Joint Chiefs head said Trump was preaching Hitler’s ‘gospel’ before Capitol riot
According to new book, General Mark Milley accused former president of sending his ‘brownshirts’ into streets, warned: ‘This is a Reichstag moment’

Top US General Mark Milley compared former president Donald Trump to Adolf Hitler, accusing him of preaching “the gospel of the Führer” as he deployed rabble-rousing rhetoric in a quest to cling to power, a new book says.
Milley, the chairman of the Joint Chiefs of Staff, also referred to Trump’s supporters as “brownshirts in the streets,” and compared Trump’s attempts to discredit the election results in the run-up to the January 6 Capitol riot to the Nazi leader using an arson attack on the German parliament to seize absolute power, according to New York magazine, which obtained an advance copy of “I Alone Can Fix It,” by Carol Leonnig and Philip Rucker.
“This is a Reichstag moment,” he is said to have remarked.
The book, which purports to give an insider account of the final year of the Trump presidency, is slated to come out July 20.
According to NY Mag, in the book, Milley recalls that he was initially unconcerned for the state of American democracy when an old friend warned him that Trump and his backers were trying to “overturn the government.”
“They may try, but they’re not going to fucking succeed,” he reportedly told his aides. “You can’t do this without the military.
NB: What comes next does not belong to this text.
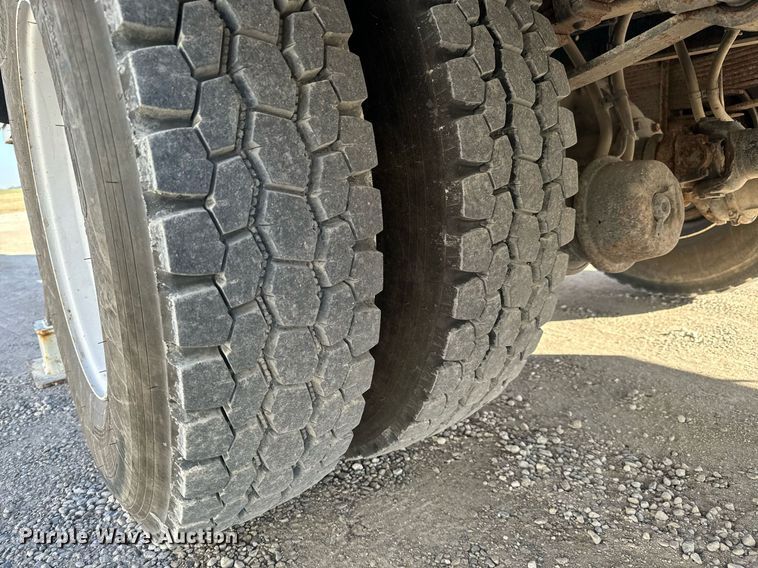 image for item NI9598 2011 International 4300  bucket truck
You can’t do this without the CIA and the FBI. We’re the guys with guns.”

Shortly after the January 6 insurrection, Milley met with House speaker Nancy Pelosi “to discuss available precautions for preventing an unstable president from initiating military hostilities or accessing the launch codes and ordering a nuclear strike,” in the words of the senior Democrat.
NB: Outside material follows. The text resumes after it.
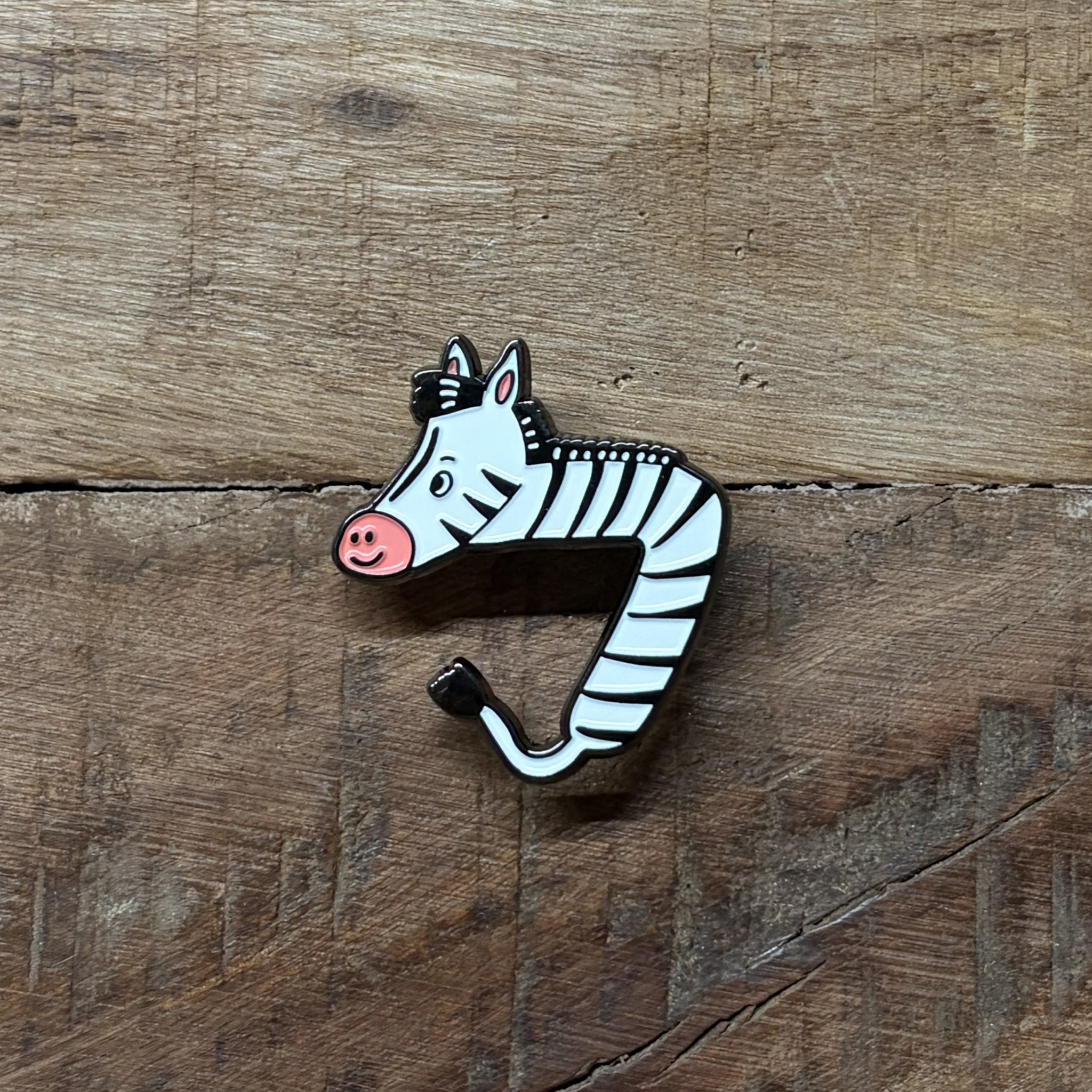 斑馬的「ㄅ」/銅烤漆金屬徽章/注音符號系列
Pelosi later told House Democrats in a conference call that Milley reassured her that there are steps in place to prevent Trump from firing nuclear weapons.

A week after the Capitol riot, Milley was quoted saying: “These guys are Nazis, they’re boogaloo boys, they’re Proud Boys. These are the same people we fought in World War II.”
The book dates Milley’s concerns regarding Trump to a June 2020 photo op by the former president at Lafayette Square near the White House, which was preceded by the violent removal of racial justice protesters.
Milley, who took part in the controversial event, later apologized for it.